The aim of this experiment is to test out a model that aids in accelerating the ability for the public to make sense and consume open data as well as to galvanize the public’s engagement around critical issues affecting them. Should the model prove successful, it will be put to use in a broader two-year incubator effort, endorsed and supported by the highest levels of government and the technological community. What is the big idea behind this pre-incubator? We attempt to demystify this experiment in previous posts here and here. Picking an excerpt from Part I of this article, Looking at the open data ecosystem then, the largest percentage of the population, those we call, in huge quotation marks, “the uneducated citizens”, has barely interacted with the platform. These are people who are not experts in reading data and deriving knowledge from data. We need then, the ‘educated citizens’ and the ‘developers’, to step in and team up to effectively manipulate this data into useful information that generates knowledge for the masses. That, I believe, is the only way we can promote transparency, accountability, citizen engagement and proper service delivery from our government using open data. This is the motivation of the Open Data pre-incubator. Essentially, in the Open Data Pre-Incubation, four media and civil society organizations will build an application or service or platform using open data as a base, around key thematic issues: water, education, health and cross cutting issues at the counties level. These host organizations from media and civil society will have highly qualified Open Data fellows and developers (referred to as Code 4 Kenya) embedded in them throughout the duration of the experiment. Together they (hosts and fellows) will conduct a close consultation process with issue expert working groups who will provide insight into specific use cases and technical insight into available open data resources. Using a Design Thinking approach, the fellows will then amalgamate these insights together with extensive end-user research, that they are expected to carry out, and their technical expertise to create applications that will try and solve the issues raised. Specifically, these applications, services or platforms should be used at scale across Kenyan society and drastically increases the use of open data.
iHub Research bears the great responsibility of training and mentoring in these design thinking approaches as well as documenting the entire process of the experiment; delivering use cases; carry out a critical analysis of the process; and making recommendations that can be used for actionable planning. Based on this, iHub Research will be able to create a toolkit and draw out a more accurate action plan and model to be used when the actual incubator comes into force. Key actors to note then, beyond the consortium, are:
  • Thematic Expert Working Groups: composed of government, donor and other issue experts will provide context and support to host organizations and fellows throughout the pre-incubation process, particularly around existing data, data needs and particular needs related to innovation in monitoring and public service delivery.
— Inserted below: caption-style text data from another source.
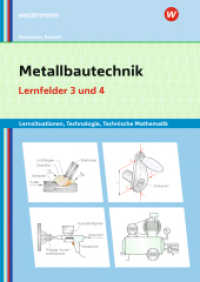 Metallbautechnik: Technologie, Technische Mathematik : Lernfelder 3 und 4 Lernsituationen (Metallbautechnik) （8. Aufl. 2024. 124 S. 300.00 mm）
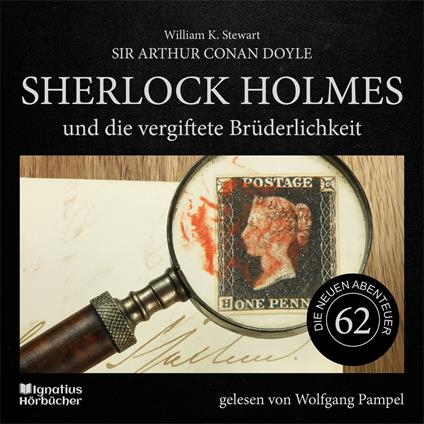 Sherlock Holmes und die vergiftete Brüderlichkeit (Die neuen Abenteuer, Folge 62)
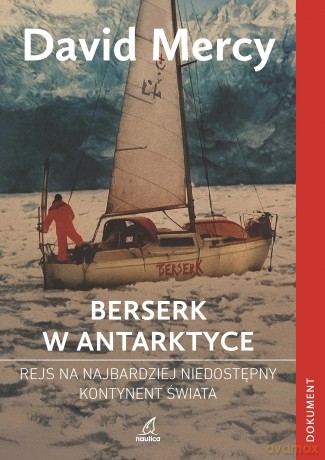 Berserk w Antarktydzie. Rejs na najbardziej niedostępny kontynent świata - Mercy David [KSIĄŻKA]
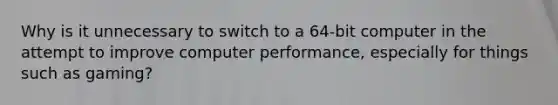 Why is it unnecessary to switch to a 64-bit computer in the attempt to improve computer performance, especially for things such as gaming?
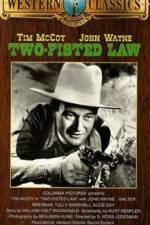 Watch Two-Fisted Law 123MovieFree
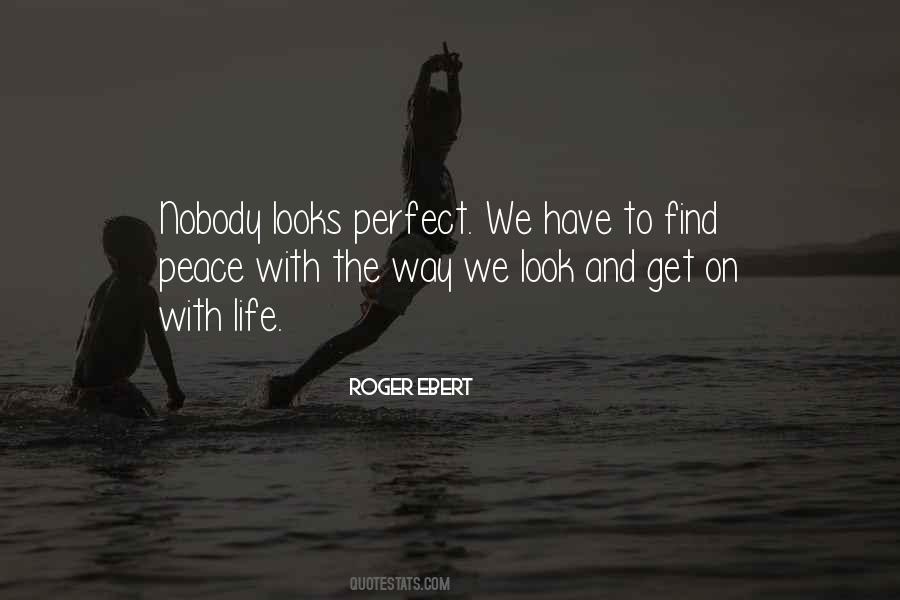 Nobody Has A Perfect Life Quotes #1441090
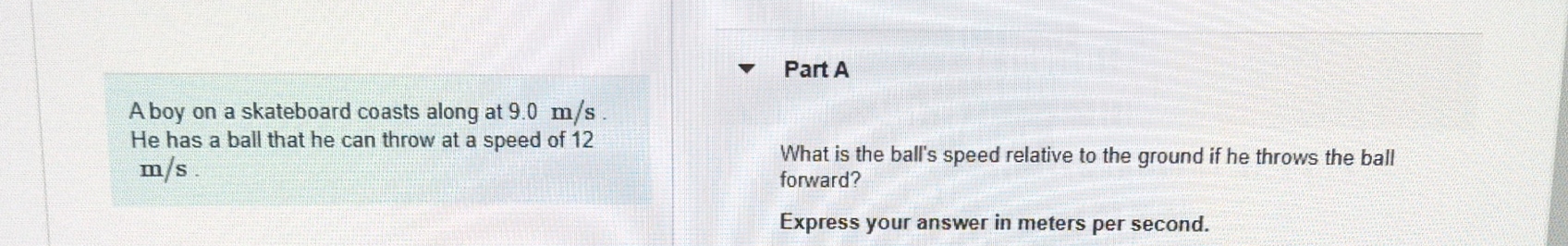 A boy on a skateboard coasts along at 9 . 0 m s .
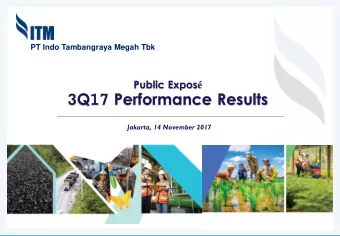3Q17 Performance Results  Jakarta, 14 November 2017  1  Agenda  1  INTRODUCTION  2  OPERATIONAL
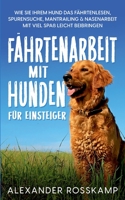 F?hrtenarbeit mit Hunden f?r Einsteiger: Wie Sie Ihrem Hund das F?hrtenlesen, Spurensuche, Mantrailing & Nasenarbeit mit viel Spa? leicht beibringen 3756208435 Book Cover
  • Host Organizations: drawn from media and civil society through a competitive bidding process, will commit to house Fellows for a six month period and, with input from thematic working groups, will select application, service or platform projects that will be sustained and scaled.
  • Open Data Fellows and developers: individuals who understand thematic issue areas, as well as having a specific technical vision and skills, will explicitly support builds for civil society and media teams, and directly provide technical advice to support issue expert teams.
So far, the host organizations, the fellows and developers have been chosen and we shall be announcing these officially in a press release. Recently, a two-day sensitization workshop was held at Strathmore University, the Open Data for Development Camp as part of the Open Data pre-incubator experiment. iHub Research will be providing weekly updates, overviews, experiences and lessons learnt as experiment progresses over the next six months.